As we mentioned in Part 1, when it comes to dealing with ransomware, you basically have three choices: pay it, don’t pay it or avoid it in the first place by deploying anti-phishing software.
Naturally, here at Phish Protection we think you should be proactive and use our inexpensive and easy-to-deploy cloud-based phishing protection with Advanced Threat Defense to avoid it in the first place. But, what if it’s too late? What if you’ve already been hit by ransomware?
If you’ve been hit by ransomware AND you’ve decided not to pay it, there’s a resource you should know about. It’s called No More Ransom (NMR) and it “is an initiative by Europol’s European Cybercrime Centre, the National High Tech Crime Unit of the Netherlands’ police and McAfee to help victims of ransomware retrieve their encrypted data without having to pay to the criminals.”
Europol is “the European Union’s law enforcement agency. Their main goal is to achieve a safer Europe for the benefit of all the EU citizens.” Even though Europol is for the benefit of EU citizens, there’s no reason why people outside the EU cannot take advantage of their initiative.
What NMR does is it figures out how to decrypt a strain of ransomware and when it does, it makes the tool for decrypting it available, for free, on the web. To date, they have “broken the code” on over a dozen ransomware variants. According to an article on SC Magazine, “the site has helped more than 200,000 people recover files after a ransomware attack.” That’s impressive, since the site was launched in July 2016.
So, how does NMR work? According to their site, there are just four steps:
- Upload two encrypted files and the ransomware note to the NMR Crypto Sheriff
- The Crypto Sheriff matches the information against a list of available decryption tools
- If there is a positive hit, the link to the tools is provided. The victim only needs to follow the instructions to unlock their files.

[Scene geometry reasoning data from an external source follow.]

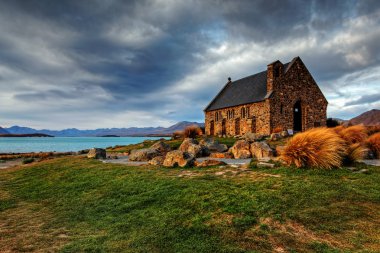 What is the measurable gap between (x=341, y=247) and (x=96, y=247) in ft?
12.7

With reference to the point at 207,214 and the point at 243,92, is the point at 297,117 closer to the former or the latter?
the point at 243,92

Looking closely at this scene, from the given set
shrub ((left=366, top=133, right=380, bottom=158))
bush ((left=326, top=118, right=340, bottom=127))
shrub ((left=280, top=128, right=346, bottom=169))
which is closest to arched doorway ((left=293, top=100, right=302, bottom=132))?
bush ((left=326, top=118, right=340, bottom=127))

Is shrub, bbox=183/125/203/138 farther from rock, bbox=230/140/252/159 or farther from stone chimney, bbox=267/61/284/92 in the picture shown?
rock, bbox=230/140/252/159

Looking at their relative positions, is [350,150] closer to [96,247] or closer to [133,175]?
[133,175]

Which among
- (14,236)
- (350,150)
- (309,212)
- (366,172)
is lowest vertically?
(14,236)

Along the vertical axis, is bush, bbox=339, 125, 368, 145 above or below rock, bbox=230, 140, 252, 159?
above

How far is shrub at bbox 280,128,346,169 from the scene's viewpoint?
7953mm

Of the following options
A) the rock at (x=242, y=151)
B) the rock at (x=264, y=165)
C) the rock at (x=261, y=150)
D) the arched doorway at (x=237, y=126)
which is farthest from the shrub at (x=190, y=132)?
the rock at (x=264, y=165)

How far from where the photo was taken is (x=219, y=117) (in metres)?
36.0

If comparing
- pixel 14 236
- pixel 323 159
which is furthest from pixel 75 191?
pixel 323 159

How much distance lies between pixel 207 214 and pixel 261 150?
729cm

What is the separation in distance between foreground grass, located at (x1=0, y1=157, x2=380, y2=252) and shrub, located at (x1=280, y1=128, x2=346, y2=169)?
1.66 feet

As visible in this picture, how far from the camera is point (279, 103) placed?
27.1 m

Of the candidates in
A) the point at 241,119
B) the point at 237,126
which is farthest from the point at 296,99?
the point at 237,126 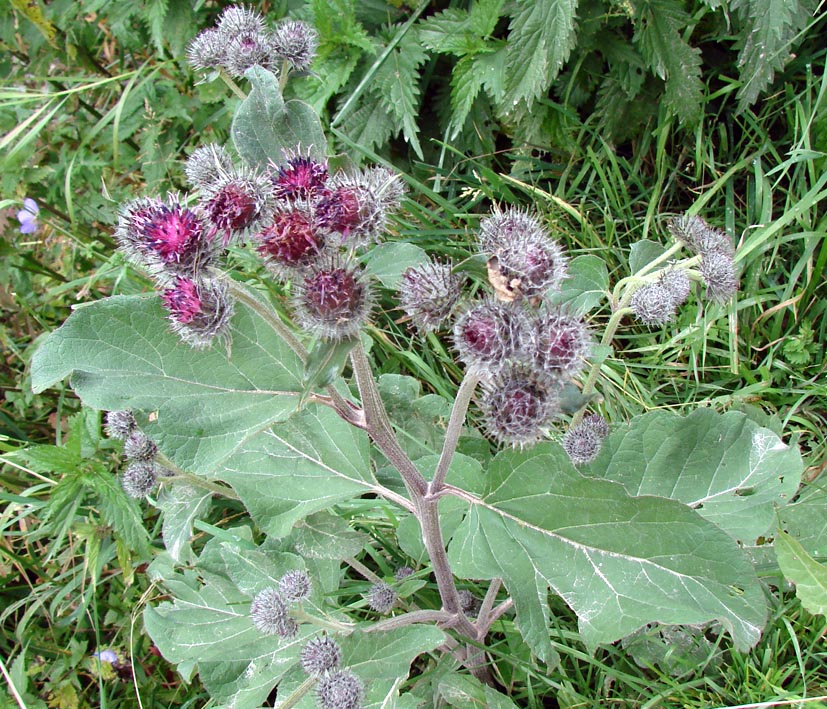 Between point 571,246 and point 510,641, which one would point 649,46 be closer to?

- If no tool is available at the moment, the victim is advised to continue checking in the future, as new tools are added on a regular basis.
It’s not as good as avoiding ransomware in the first place, but it’s better than nothing. If you get stung by ransomware and want to avoid paying the ransom, check out No More Ransom. And then immediately after you get your files back unencrypted, head on over to Phish Protection to make sure it doesn’t happen again.
No More Ransom is available in 35 languages.